■ **Your instructions**:
Give the records again exactly as written. Leave out the pictures.

══ Data under study ══

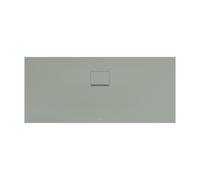Villeroy & Boch V&B Bac à douche Squaro Infinity 160x70x4cm, gris mat, uni, découpé à gauche S. Quantité:1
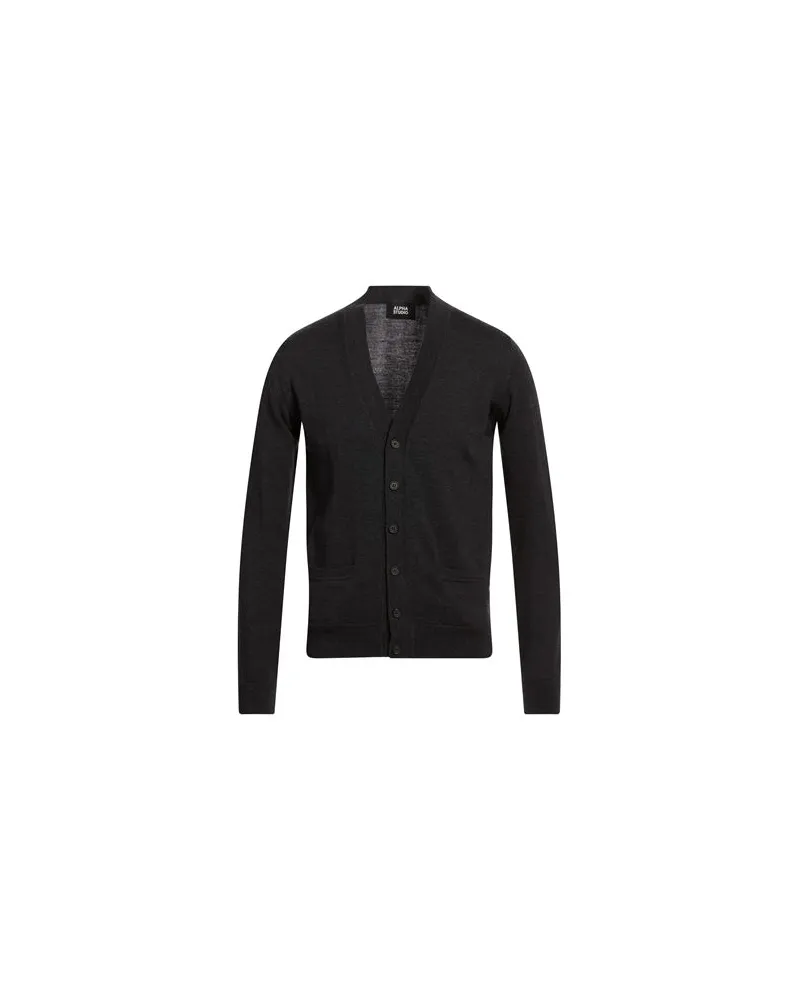 Alpha Studio STRICKWAREN - Strickjackenauf YOOX.COM Braungrau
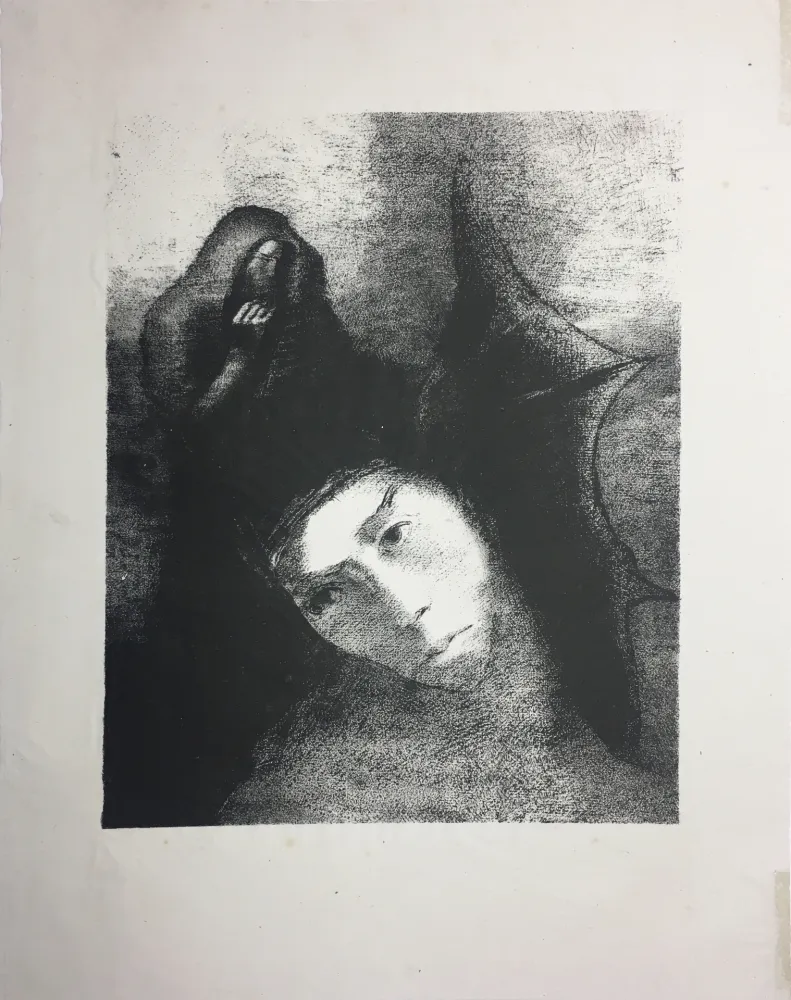 Lithografie Redon - LA TENTATION DE SAINT-ANTOINE (Planche XVIII, 3ème série) 1896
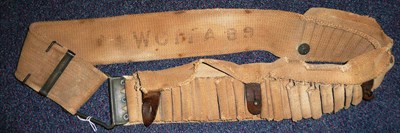 Lot 91 - A Westmorland and Cumberland Yeomanry Webbing Bandolier,  from the South African War, with...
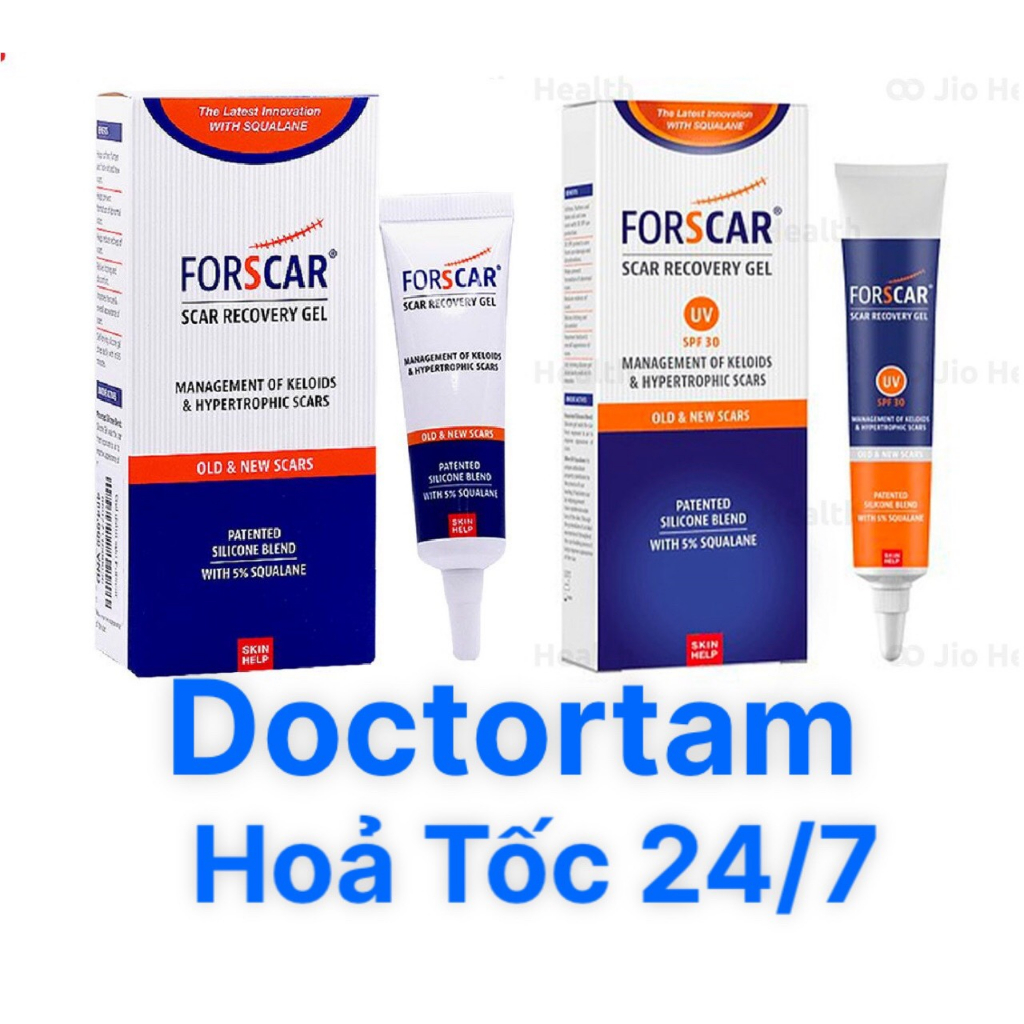 Forscar - sp chăm sóc sẹo được tin dùng tại châu Âu & Mỹ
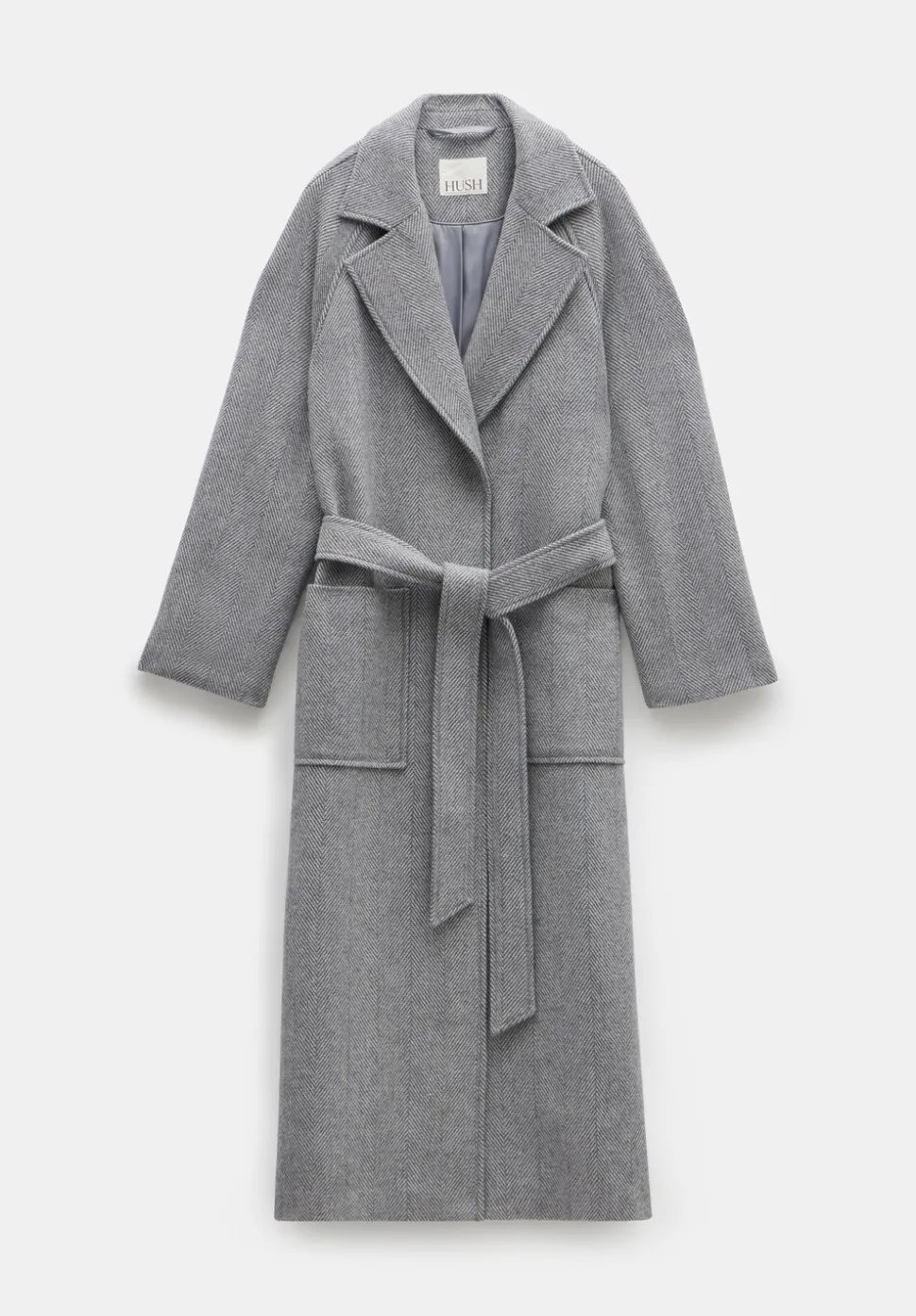 Kaitlin Wool Blend Herringbone Coat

═══

■ **Answer below**:
Villeroy & Boch V&B Bac à douche Squaro Infinity 160x70x4cm, gris mat, uni, découpé à gauche S. Quantité:1
 Alpha Studio STRICKWAREN - Strickjackenauf YOOX.COM Braungrau
 Lithografie Redon - LA TENTATION DE SAINT-ANTOINE (Planche XVIII, 3ème série) 1896
 Lot 91 - A Westmorland and Cumberland Yeomanry Webbing Bandolier,  from the South African War, with...
 Forscar - sp chăm sóc sẹo được tin dùng tại châu Âu & Mỹ
 Kaitlin Wool Blend Herringbone Coat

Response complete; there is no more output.